Centre for Statistics in Medicine, Nuffield Department of Orthopaedics, Rheumatology and Musculoskeletal Sciences, University of Oxford, Oxford OX3 7LD, United Kingdom.
Centre for Statistics in Medicine, Nuffield Department of Orthopaedics, Rheumatology and Musculoskeletal Sciences, University of Oxford, Oxford OX3 7LD, United Kingdom.
J Clin Epidemiol. 2023 Sep;161:140-151. doi: 10.1016/j.jclinepi.2023.07.017. Epub 2023 Aug 2.
When developing a clinical prediction model, assuming a linear relationship between the continuous predictors and outcome is not recommended. Incorrect specification of the functional form of continuous predictors could reduce predictive accuracy. We examine how continuous predictors are handled in studies developing a clinical prediction model.
We searched PubMed for clinical prediction model studies developing a logistic regression model for a binary outcome, published between July 01, 2020, and July 30, 2020.

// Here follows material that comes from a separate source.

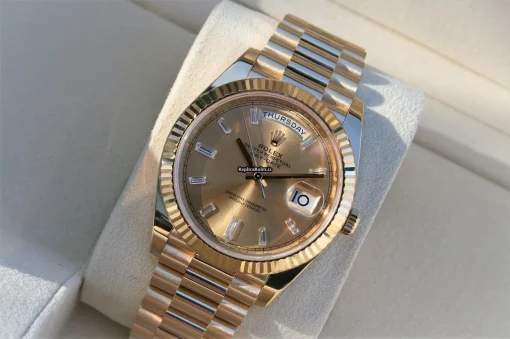 Amazing Copies Rolex Day-date 40 228238 Caliber 3255 Automatic Movement 40mm Yellow Gold Case Mens/unisex Watch - Image 8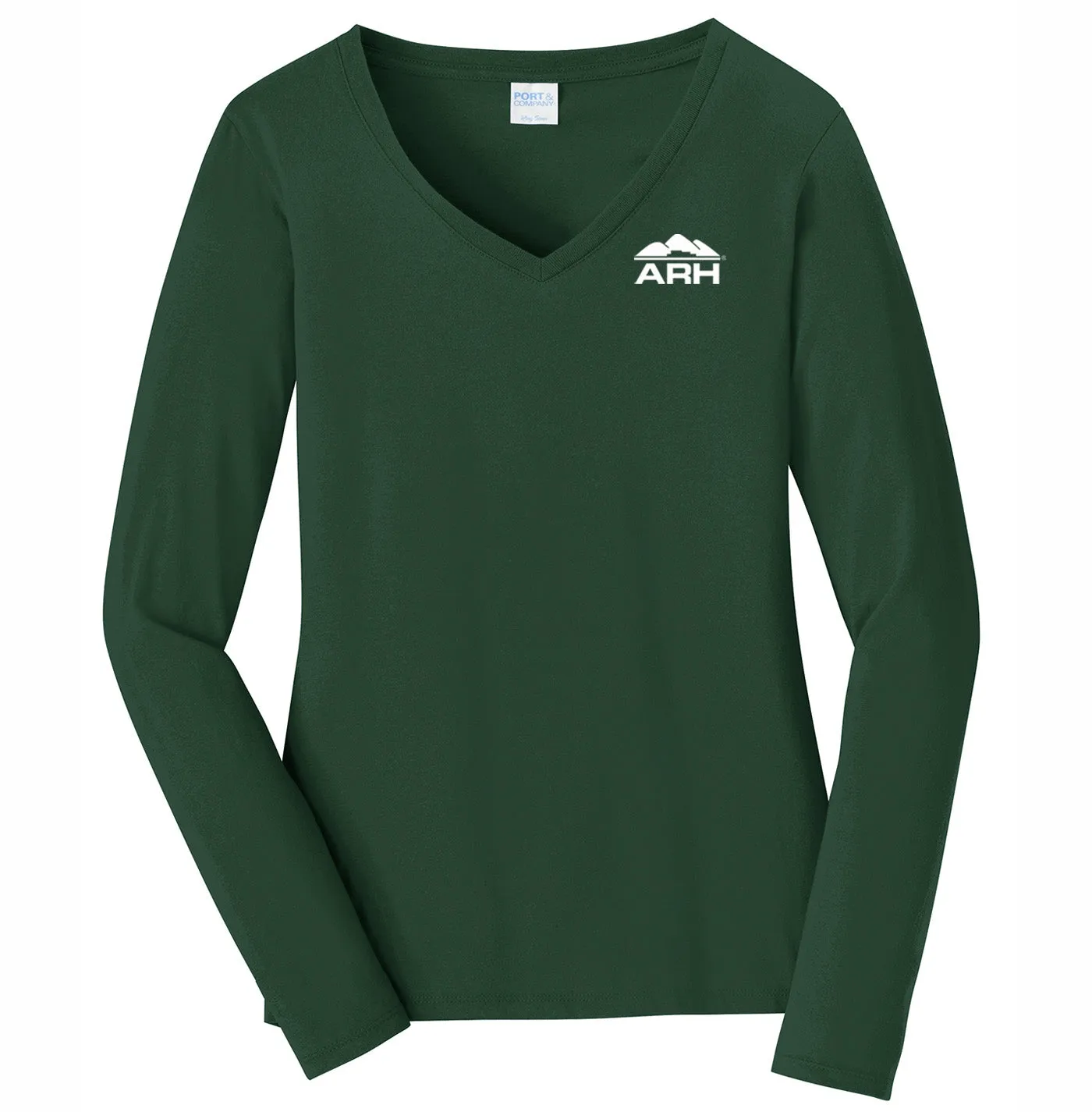 Ladies Favorite Long Sleeve V-Neck Tee - Fashion Colors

In total, 118 studies were included in the review (18 studies (15%) assessed the linearity assumption or used methods to handle nonlinearity, and 100 studies (85%) did not). Transformation and splines were commonly used to handle nonlinearity, used in 7 (n = 7/18, 39%) and 6 (n = 6/18, 33%) studies, respectively. Categorization was most often used method to handle continuous predictors (n = 67/118, 56.8%) where most studies used dichotomization (n = 40/67, 60%). Only ten models included nonlinear terms in the final model (n = 10/18, 56%).

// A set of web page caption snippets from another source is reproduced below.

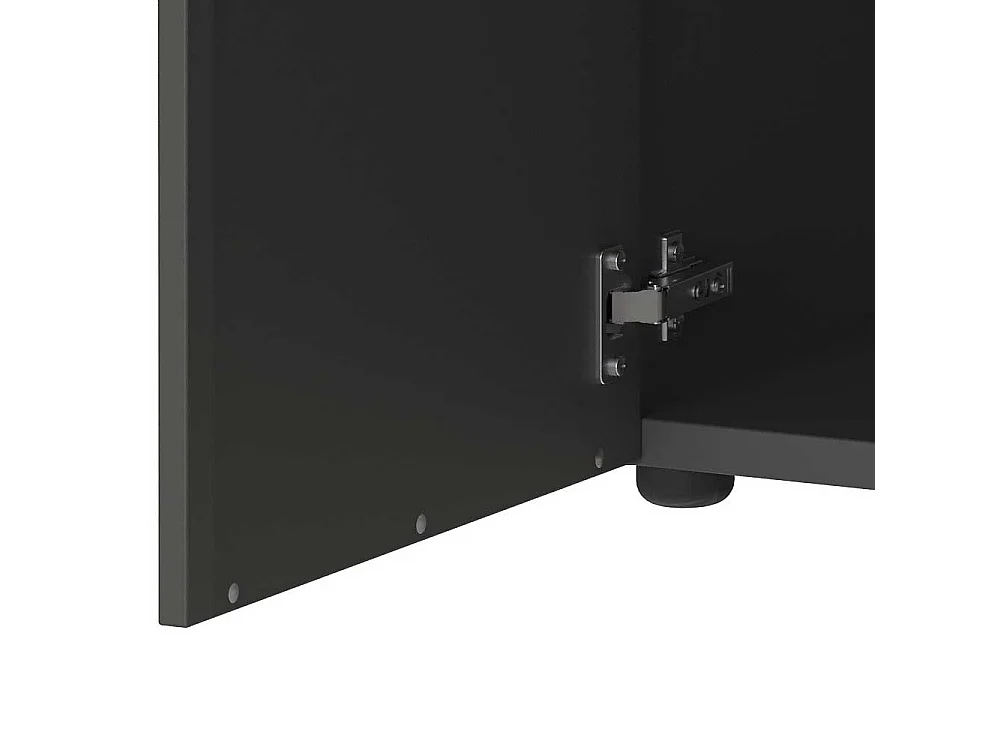 Büroschrank Schrank Büro in Dunkelgrau 120 cm hoch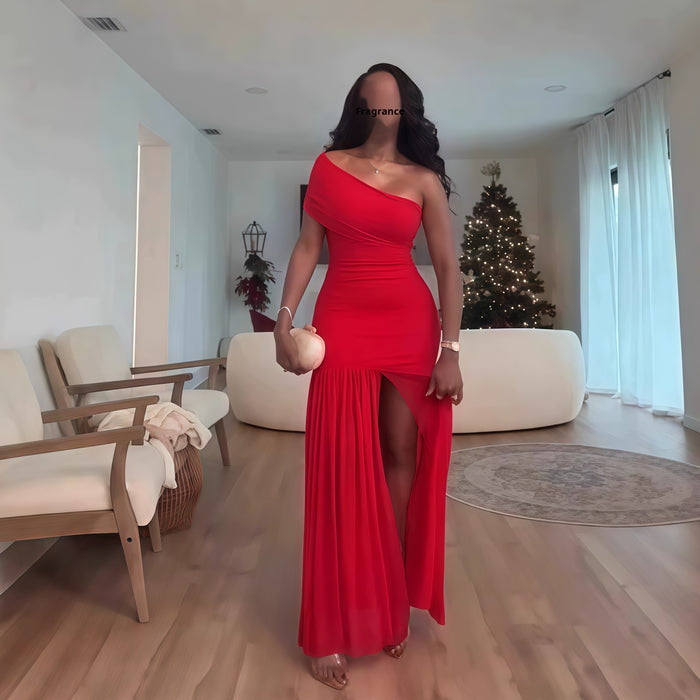 Women's Fashion  Slim Fit Split Long Dress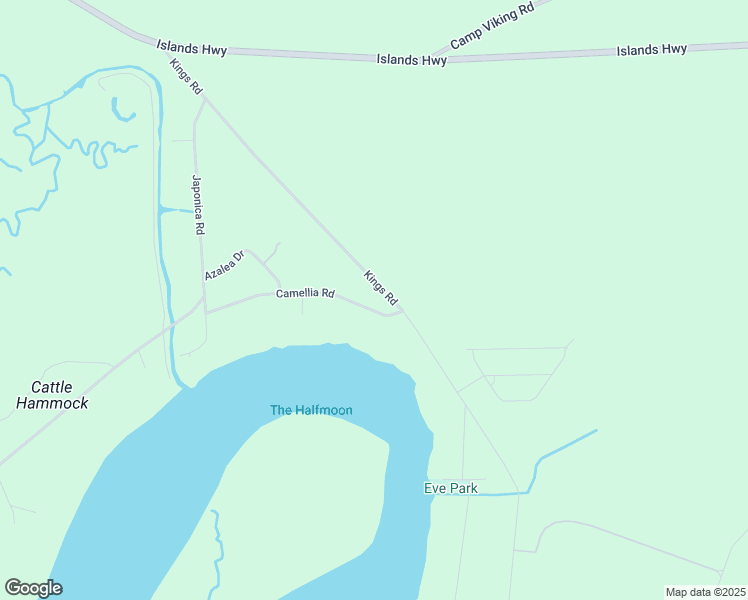 map of restaurants, bars, coffee shops, grocery stores, and more near 21 Kings Road in Midway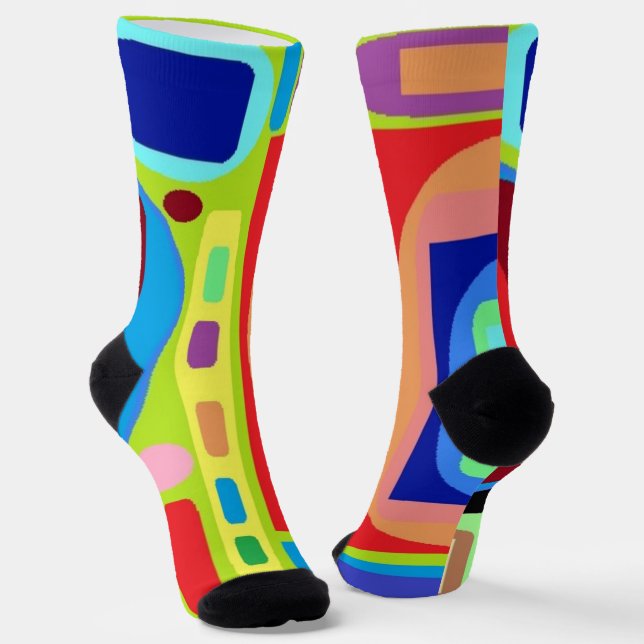 Calcetines divertidos, coloridos y de moda para tr (Angular)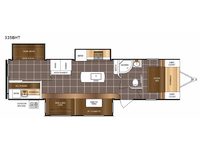 LaCrosse 335BHT Floorplan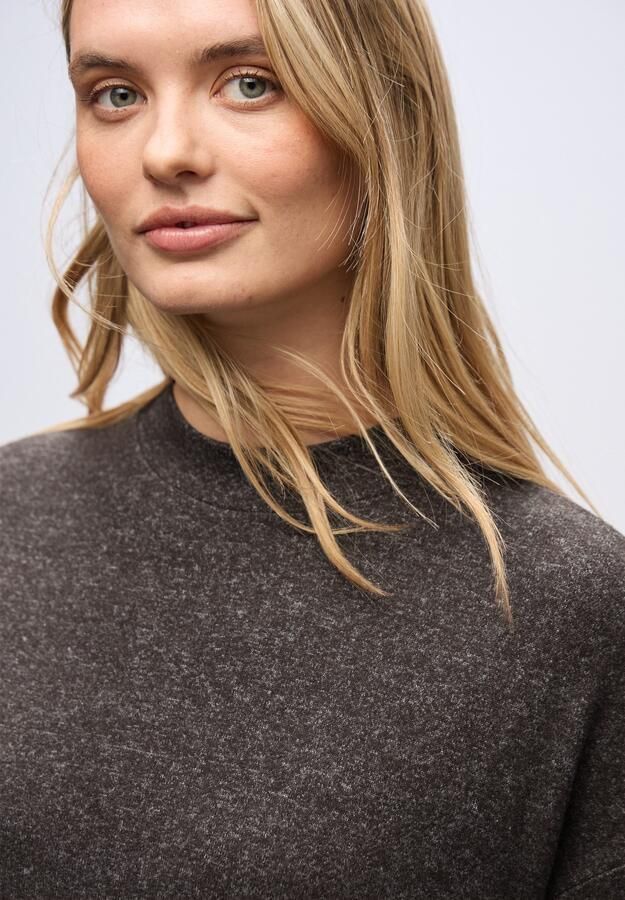 STREET ONE Shirt met lange mouwen met een rijgkoord bij de zoom - Foto 5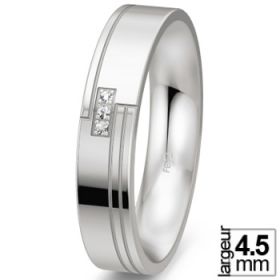 Alliance femme pas cher - Alliance de mariage Argent Diamant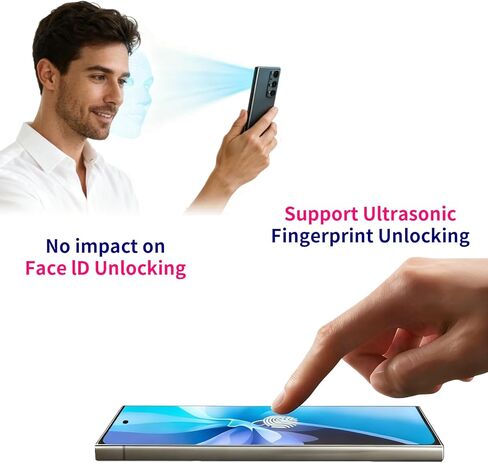 قطعة بديلة لشاشة OLED لهاتف Samsung Galaxy S23 Ultra 5G (SM-S918U/S918A/S918W) مجموعة عرض رقمية تعمل باللمس مقاس 6.78 بوصة مع إطار، متوافقة مع بصمات الأصابع، مجموعة أدوات إصلاح باللون الأخضر in Kuwait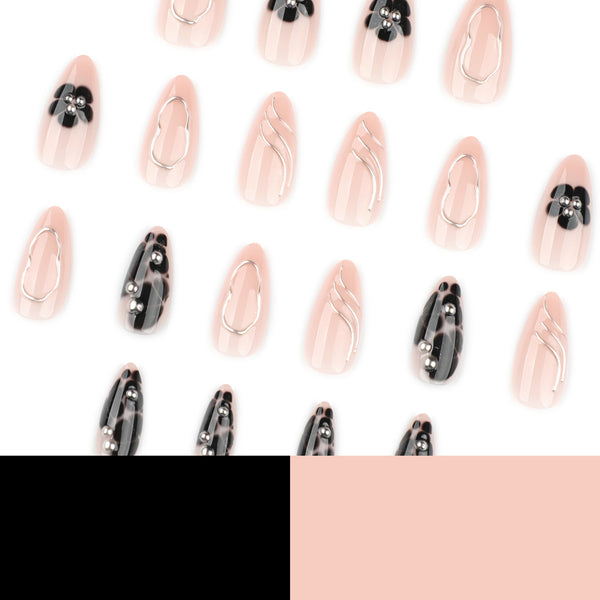 12 Sizes-24 Pcs Press On Nails JP4043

Though widely recommended not to categorize continuous predictors or assume a linear relationship between outcome and continuous predictors, most studies categorize continuous predictors, few studies assess the linearity assumption, and even fewer use methodology to account for nonlinearity. Methodological guidance is provided to guide researchers on how to handle continuous predictors when developing a clinical prediction model.
在开发临床预测模型时,不建议假设连续预测因子与结果之间存在线性关系。不正确指定连续预测因子的函数形式可能会降低预测准确性。我们研究了在开发临床预测模型的研究中,如何处理连续预测因子。
我们在 PubMed 中搜索了 2020 年 7 月 1 日至 2020 年 7 月 30 日期间发表的开发二项逻辑回归模型的临床预测模型研究。
共有 118 项研究纳入综述(18 项研究(15%)评估了线性假设或使用方法来处理非线性,100 项研究(85%)没有)。转换和样条线常用于处理非线性,分别在 7 项研究(n=7/18,39%)和 6 项研究(n=6/18,33%)中使用。分类是最常用于处理连续预测因子的方法(n=67/118,56.8%),其中大多数研究使用二分法(n=40/67,60%)。只有 10 个模型在最终模型中包含非线性项(n=10/18,56%)。
尽管广泛建议不要对连续预测因子进行分类或假设结果与连续预测因子之间存在线性关系,但大多数研究对连续预测因子进行分类,很少有研究评估线性假设,甚至更少的研究使用方法来考虑非线性。为指导研究人员在开发临床预测模型时如何处理连续预测因子提供了方法学指导。